Analysts say China has absolutely no interest in gifting Trump with a deal that will end his trade war, and in the process help to get him re-elected.
"China, very clearly, is trying to wait out the U.S. election cycle with the hope that maybe we get somebody different in the White House," said Eric Robertsen, head of the global macro strategy and global head of foreign exchange, rates and credit research at Standard Chartered Bank.
And even were Trump to win (which current polls say he won't) he'd have every incentive to end his trade war on terms also favorable to China or else risk stoking the chances of an economic recession.
Robertsen said Trump's "No. 1 priority" is to get reelected in 2020, and China is trying to wait out the American election cycle.

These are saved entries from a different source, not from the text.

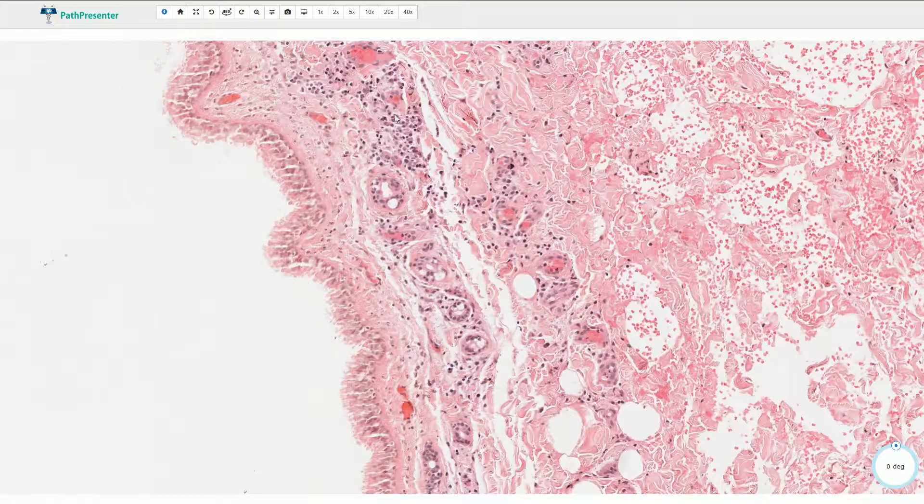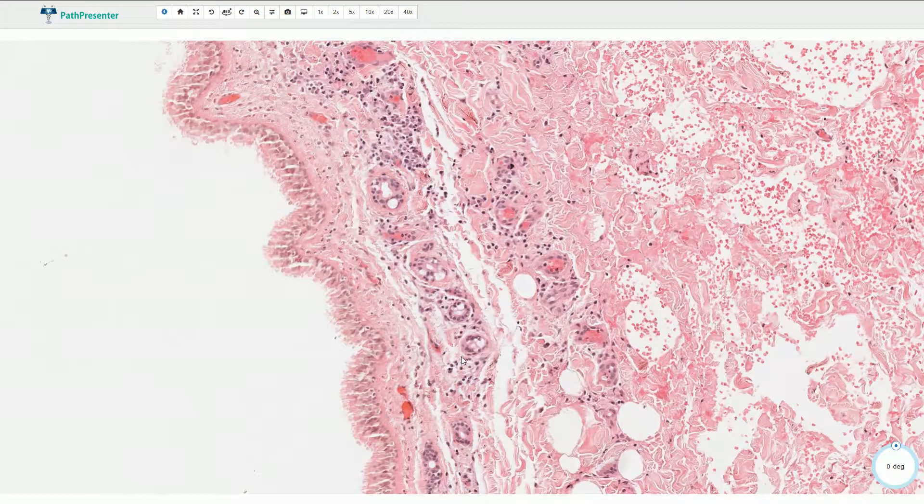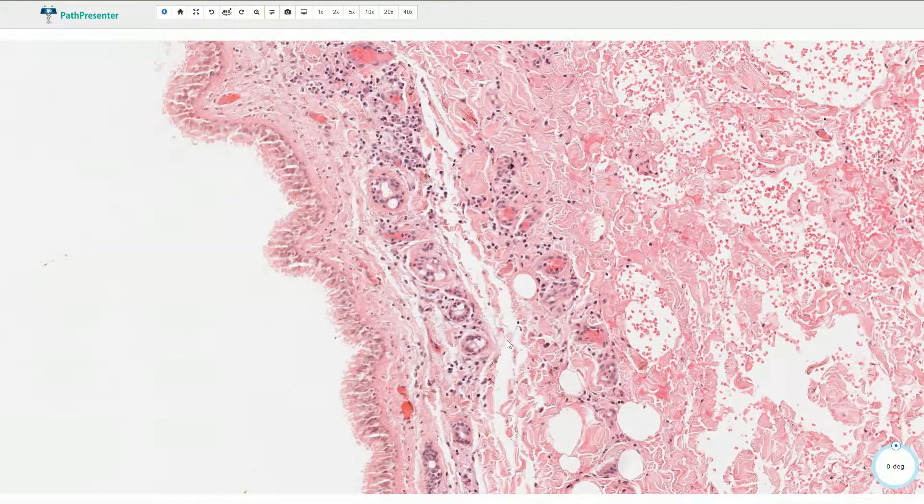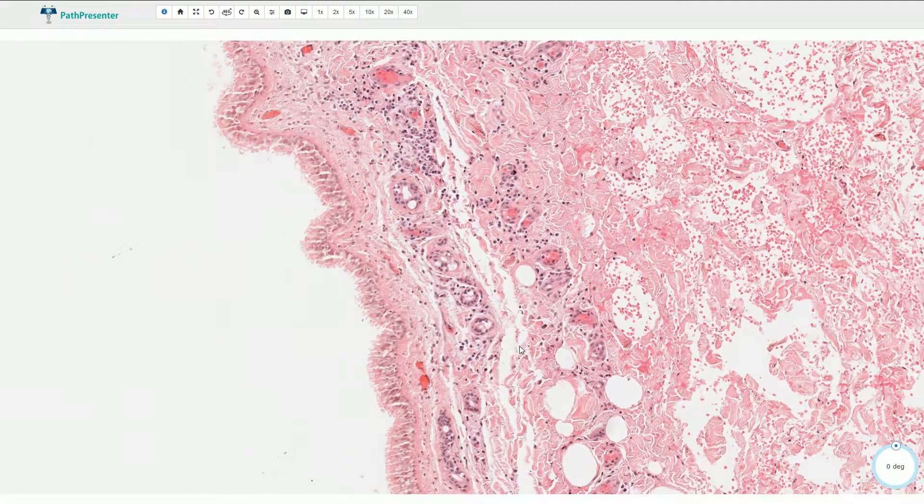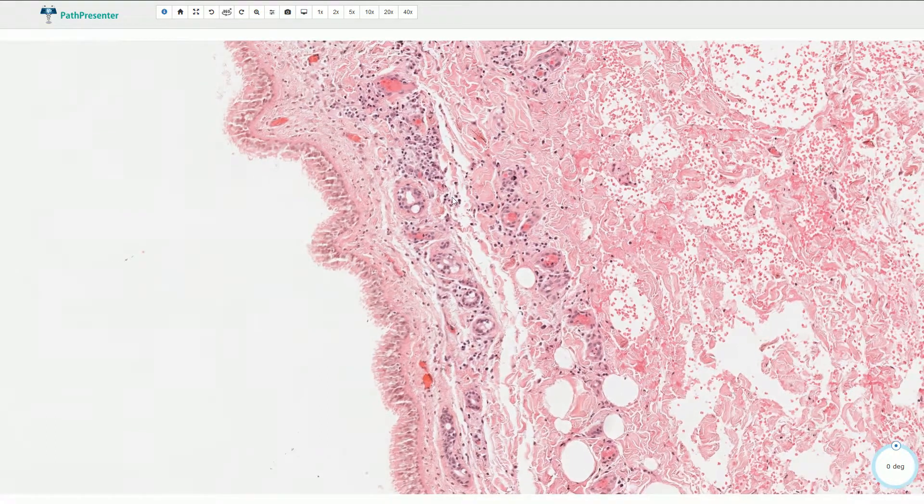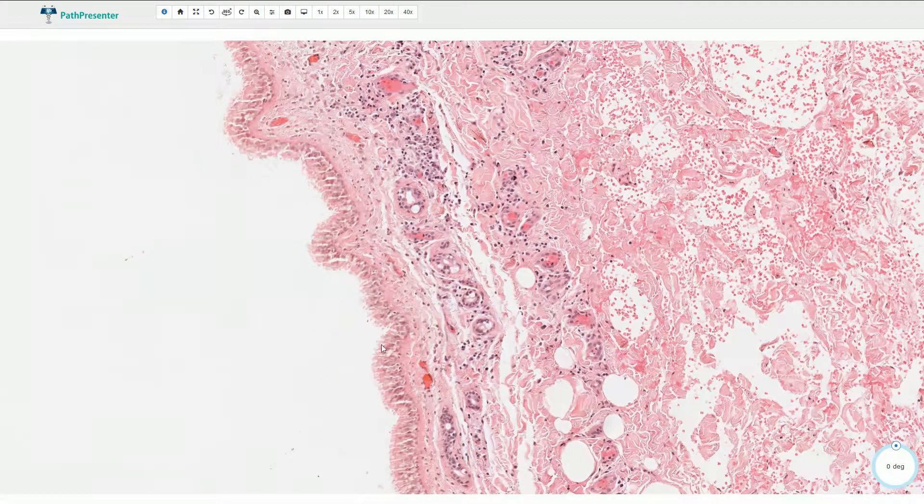Like here, and sometimes we can even find some cartilage, not always and not in this case, but it looks like we are looking at the wall of the bronchus.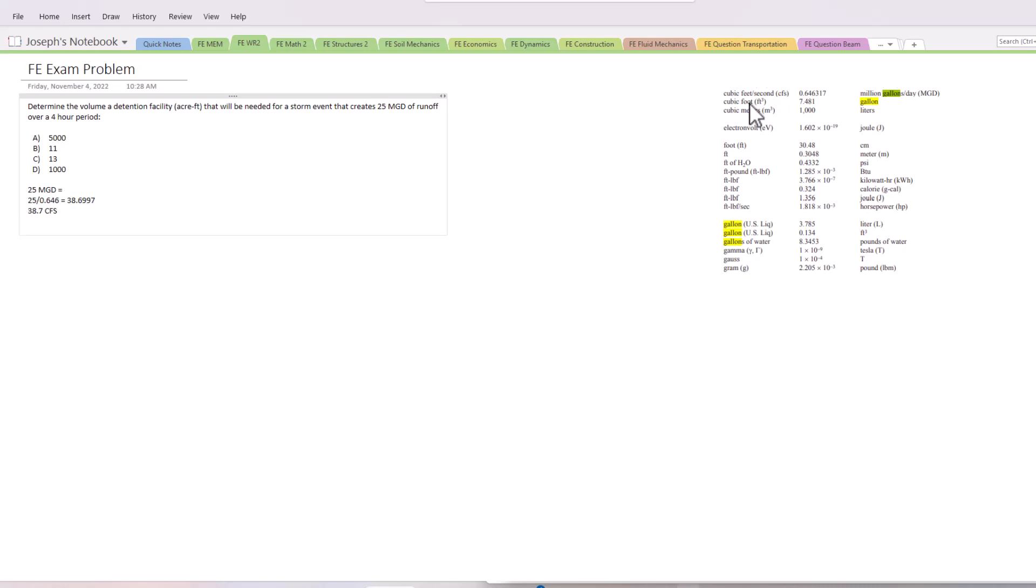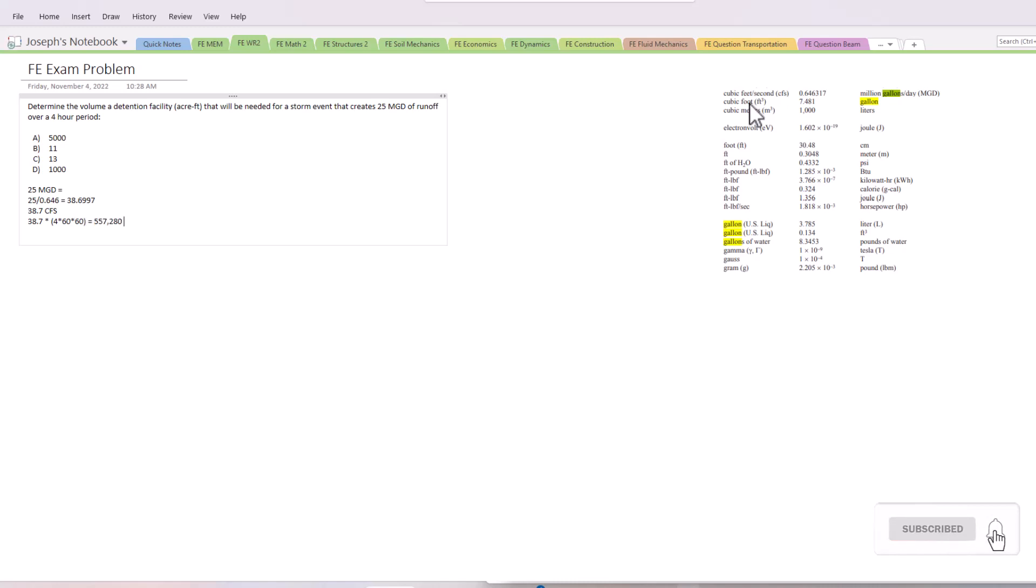is now our new value. We know that this runoff was created over a four-hour period. So if we go 38.7 times four hours - which really is four hours because remember we're in CFS - times 60 minutes times 60 seconds, this gives us a total volume of 557,280 cubic feet. Now we have to convert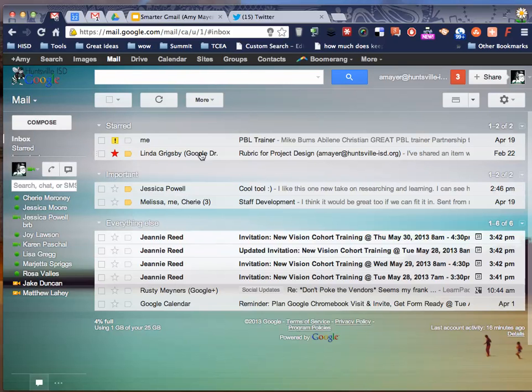But hopefully today I convinced you to at least give a try to priority inbox and start cleaning up that madness that is your inbox. Hope that helps. Thanks. Have a great day.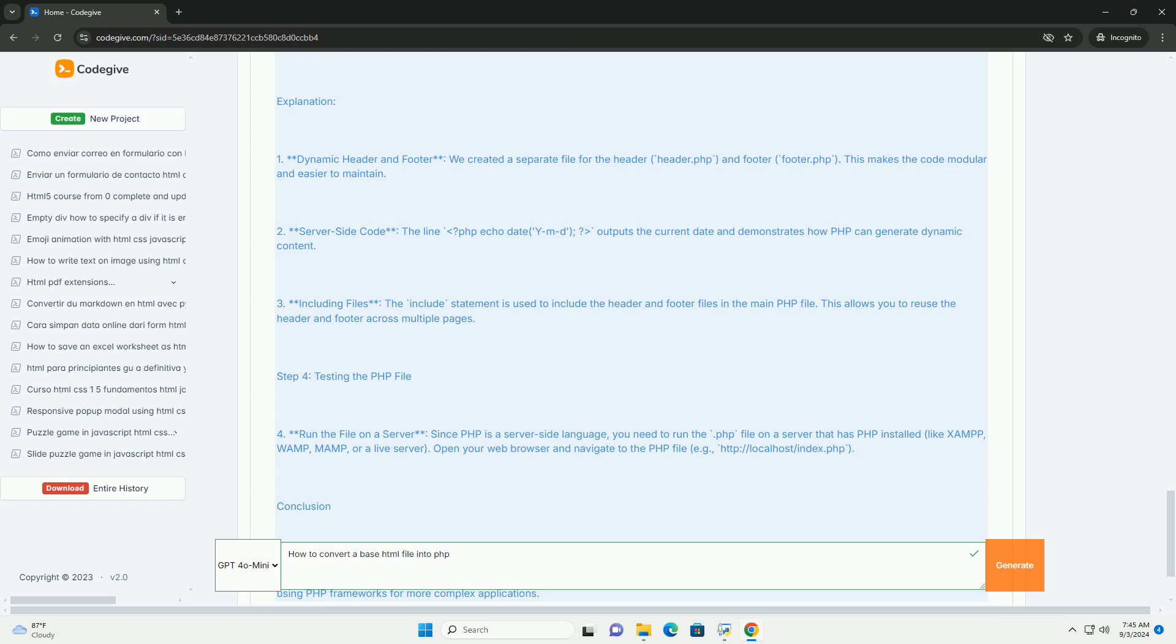Keep in mind that while basic HTML elements will remain intact, any PHP code will execute server-side before sending the output to the client, allowing for a more dynamic web experience.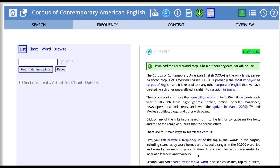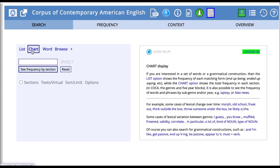The last function for COCA that I want to look at is the chart function. Earlier we saw how you could compare a word or phrase in the different sections of COCA, such as academic writing versus the spoken section of the corpus. Chart does something similar, where we can enter a word or phrase and immediately see across all the different registers or sections of COCA how frequent that word or phrase is.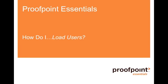Welcome to the Proofpoint Essentials How Do I video series. Today we answer the question, how do I load users?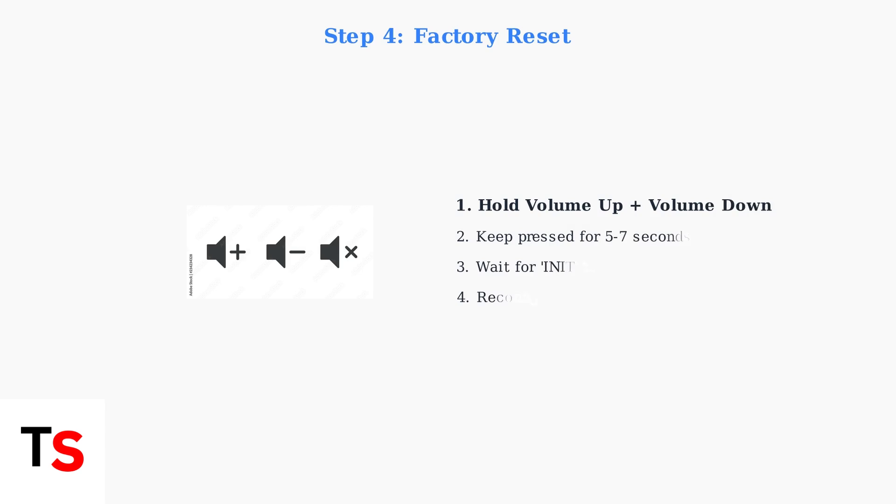When other methods fail, perform a factory reset. Hold both volume up and volume down buttons simultaneously for 5 to 7 seconds until 'init' appears on the display.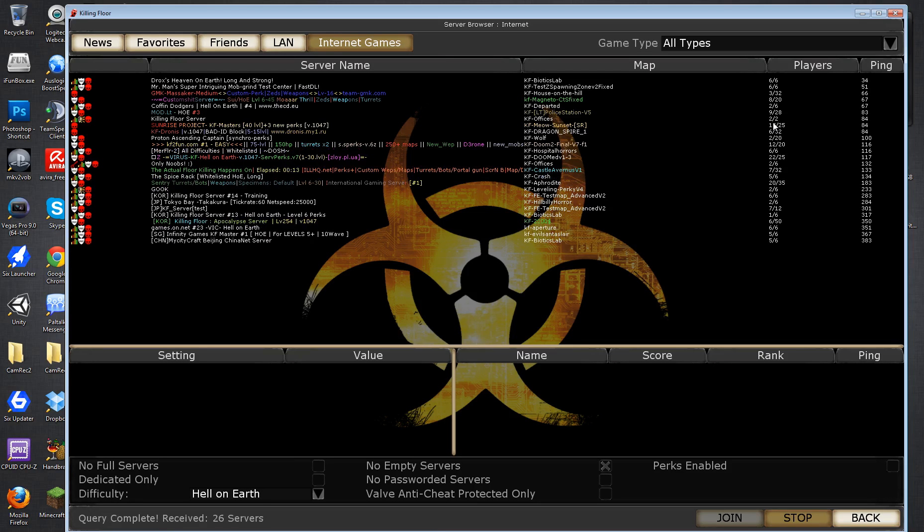There was another fix besides this which spoke about Defense Alliance, which is one of the free mods you can get for Killing Floor and having to go into that and setting a server filter to do something. But that didn't make sense to me because I don't have Defense Alliance installed at all. So this one is specifically just for vanilla Killing Floor fix.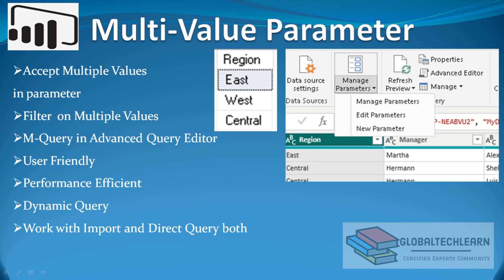Hello friends, welcome to Global TechLearn. In this video we will practice multi-value parameters in Power BI. In Power BI we have multiple options to configure parameters, such as accepting a list of values, query, and others. But in this video we will discuss a very specific requirement where we should be able to accept multiple values and filter data based on those given values.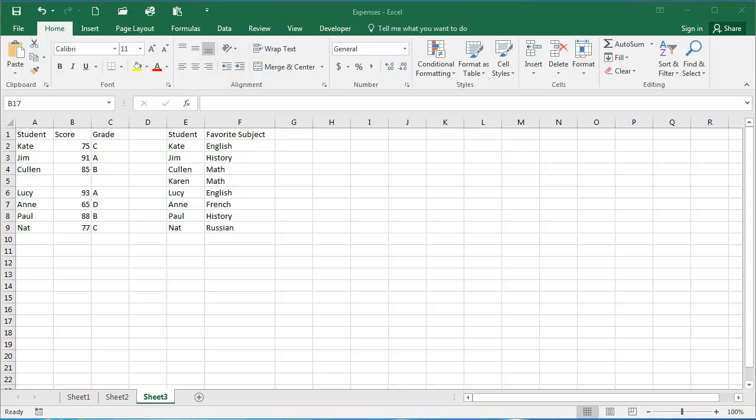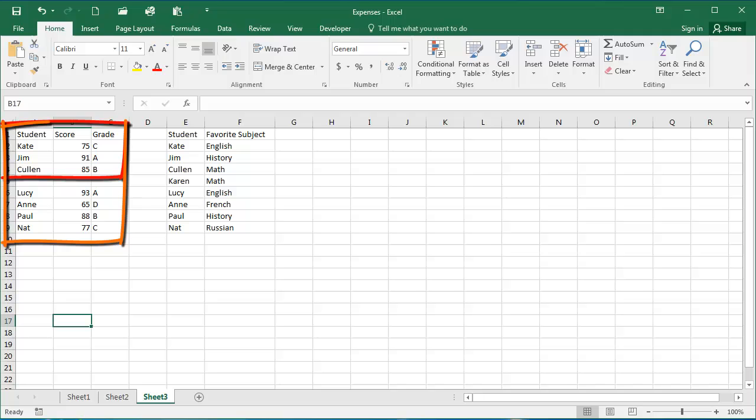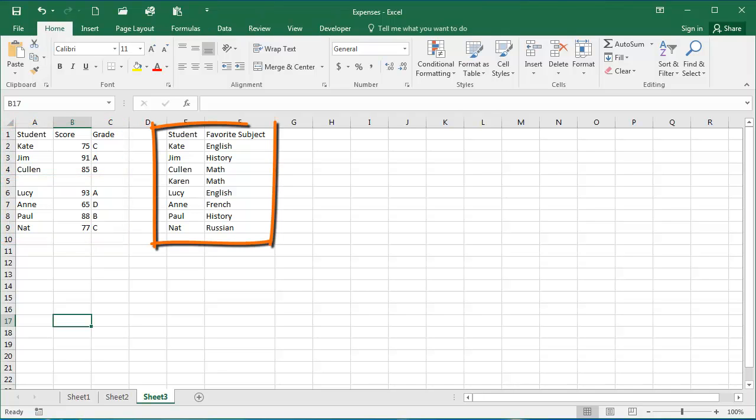Excel considers successive rows and columns to be a list. I have two lists with four rows and three columns, and I have one list with nine rows and two columns.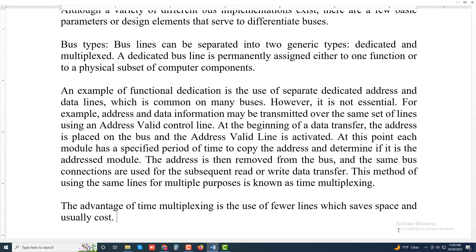The disadvantage is that more complex circuitry is needed within each module.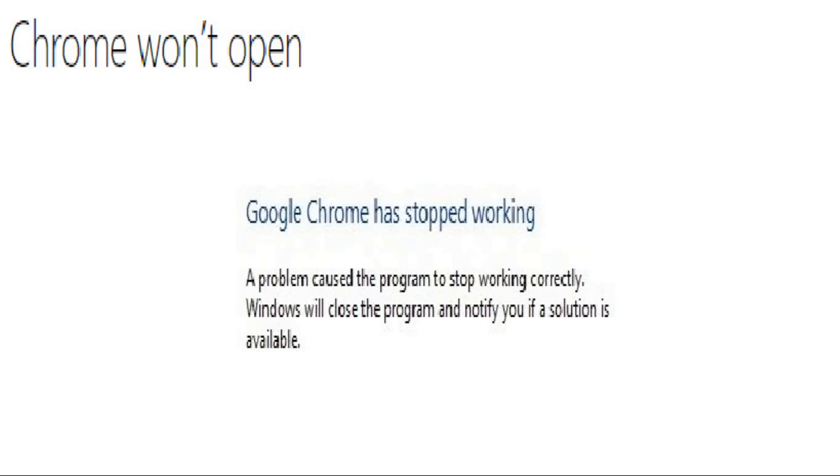Good day everyone, you're watching Radio Fixes. On today's video I'm going to walk you through step-by-step instructions on how to fix the Chrome won't open error message on your Windows machine.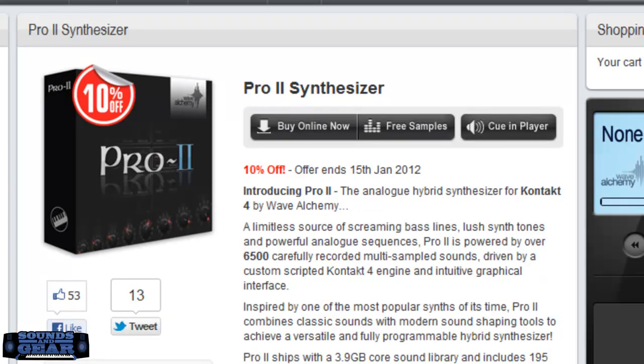soundsagate.com. Today checking out the Pro 2 synth from Wave Alchemy. You may be used to them for their drums and loops and different stuff like that, sound effects, but they actually made a contact synth. You need the full version of contact to play this. It's based on the Sequential Circuits Pro 1. I've never played a Pro 1. I'm not going to be comparing it to a Pro 1.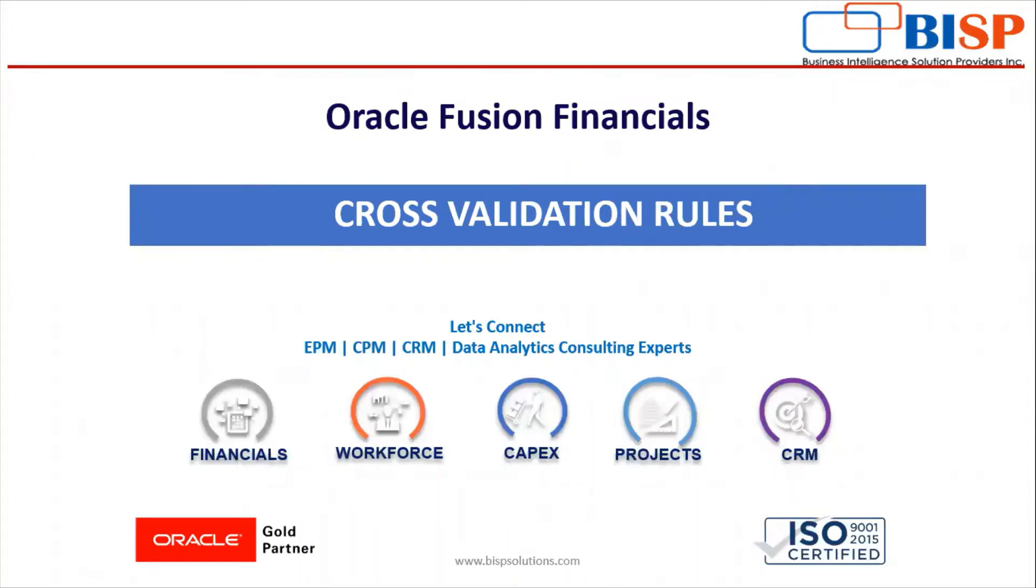Hello everyone, welcome to BISP Solutions. I am Preeti Rajani working here as Functional Consultant.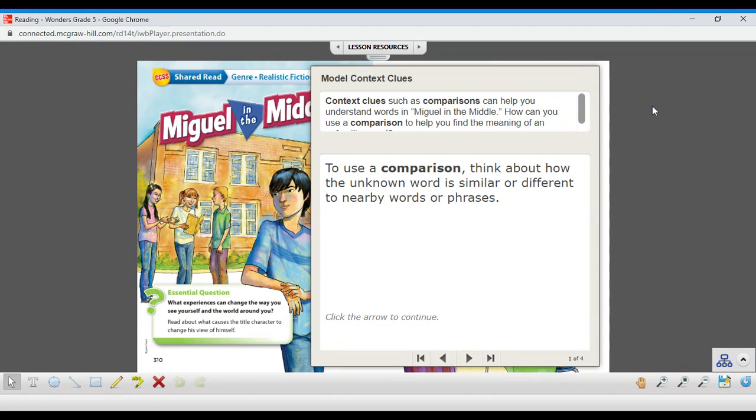All right, class, we have another mini lesson to do with Miguel, and this one is going to be on context clues.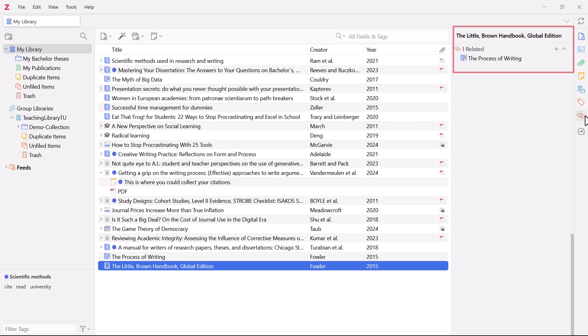The larger your library is in Zotero, the more confusing it can get. So it's a good idea to think early on about a system for using collections and sub-collections, as well as tags and assigning relationships to organize your literature and make it easy to find.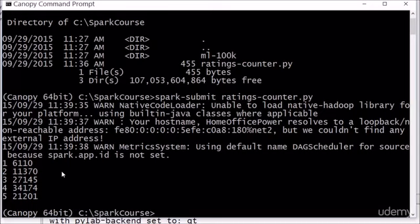Might be fun to go and see what actually got rated one star if you want to find some really bad movies to watch. There you have it, that's an actual running spark script on your desktop doing some real data analysis of real movie ratings data from real people. How cool is that? Let's move on and actually start to understand what's happening under the hood with spark and how it all works and fits together, and then we'll go back and study this example a little bit more.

He also said China can hold out longer than Trump in the ongoing bilateral trade dispute because it doesn't have to contend with a presidential election.
"In terms of time frame, I would argue China has greater pain tolerance," he pointed out.
Robertsen said China will likely use fiscal instead of monetary stimulus to bolster its sagging domestic economy. He noted the People's Bank of China (PBOC) didn't cut interest rates in the wake of the U.S. Federal Reserve's latest interest rate cut on July 31.
Robertsen believes this move likely illlustrates China wants a stable currency to attract capital to its onshore markets.
The added pain to be inflicted on China by Trump's new 10% tariffs on another $300 billion of Chinese goods beginning Sept. 1 is also another disincentive for China giving Trump the trade deal he wants before November 2020.
Some U.S. analysts contend this latest levy is now more of a danger to the U.S. than to China.
"It's obviously a very hard-line tactic but I think it's ... a sword at the throat of the American economy more than the Chinese economy" said Andrew Collier, managing director of Orient Capital Research.
Collier said Trump's latest move leaves the U.S. economy in a situation where it could "get hit the big time."
"We're looking at a fairly significant weakness ... within the U.S., so I don't quite know what Trump's expecting to do here," he said
His sentiment was echoed by other experts, including Corrine Png, regional head of equities research at AIA Investment Management, who blasted Trump's move as "actually quite counterproductive."
She said the additional 10% tariffs "actually hurts the U.S. consumers more than China" because it mostly targets consumer-related products such as laptops, mobile phones, digital gadgets, and toys.
Their conclusions run counter to assertions by Larry Kudlow, White House economic advisor, who told CNBC that because of Trump's tariffs, "The Chinese economy is crumbling. It's just not the powerhouse it was 20 years ago."
Kudlow cited statistics to prove his point.
He said China reported its economy grew 6.2% in the second quarter, its weakest GDP growth rate in at least 27 years. Chinese stocks are taking hits. The Shanghai Composite index of stocks has fallen more than 15% from its high in 2018.